Comments (9)
In this pacp file you can see the association requests and responses from UPF 10.0.0.11, which previously failed. You can see that the SMF continues sending heartbeats to UPF 10.0.0.12, and tries to re-associate the failed UPF. However, although the association requests are correctly processed by the UPF, the responses are not processed by the SMF, and there is no re-association.
starved_association.pcap.zip
Hint: a re-association attempt starts at packet 2113, for example. I did not change the timeout and retry value for the association, meaning there are 3 attempts with a timeout of 3s each.
I let this process run for 10 minutes and there was no re-association.
from free5gc.
Here is a screenshot of the logs (I have adapted the log messages, so this is not the standard output):
This is also a better pcap file showing just the relevant association messages on the N4 interface.

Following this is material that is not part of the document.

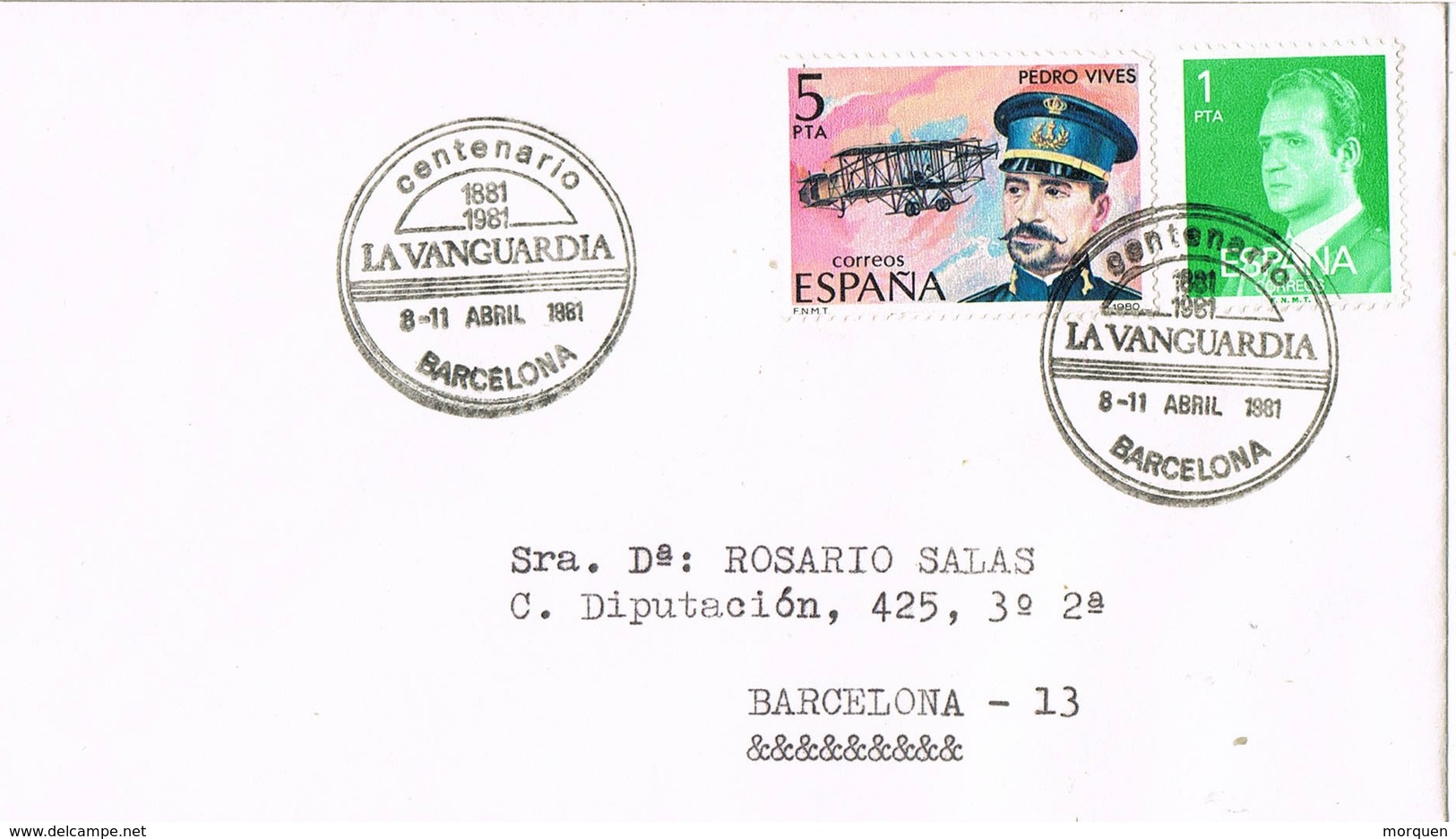 30478. Carta BARCELONA 1981. Centenario LA VANGUARDIA. Viñeta, Label Salon Automovil - Cartas & Documentos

The heartbeat at that time is stopped completely on both UPFs, so the SMF really only sends the association setup messages. No UEs are connected.
You can see that the retry mechanism indeed seems to work, a retry is sent every 3 seconds. However, the SMF does not receive the responses from the transactions' EventChannel
.
starved_association_5.pcap.zip
To me, it seems like the transaction channel is closed or read by some other transaction instead.
from free5gc.
I think I just found the bug: It is this operation that blocks indefinitely. There is no error thrown however, so the PFCP server receive goroutine just blocks indefinitely.
I would suggest to fix this problem using a timer like this:
select {
case tx.EventChannel <- pfcp.ReceiveEvent{
Type: pfcp.ReceiveEventTypeValidResponse,
RemoteAddr: msg.RemoteAddr,
RcvMsg: pfcpMsg,
}:
case <-time.After(2 * time.Second):
logger.PfcpLog.Errorf("Worker %d timed out on sending to EventChannel", id)
}
This allows the goroutine to continue if the channel is closed. Maybe the problem is that the channel is closed in the middle of writing to it, I cannot say for sure. But this fixes my problem.
I am going to create a PR with this fix.
from free5gc.
See free5gc/pfcp#16 for a fix to my issue :)
from free5gc.
Hi @LaumiH,
I am interested in this issue, but I have encountered some problems while attempting to reproduce the scenario. Are both UPFs designated as PSA-UPF, or is there one PSA-UPF and one I-UPF? Does each UPF connect to a separate SMF, or do both UPFs connect to a single SMF?
Thanks for your assistance
from free5gc.
Hi @tzuchiehhh,
both the UPFs are PSAs, I have no i-UPF in my setup. I have a single SMF.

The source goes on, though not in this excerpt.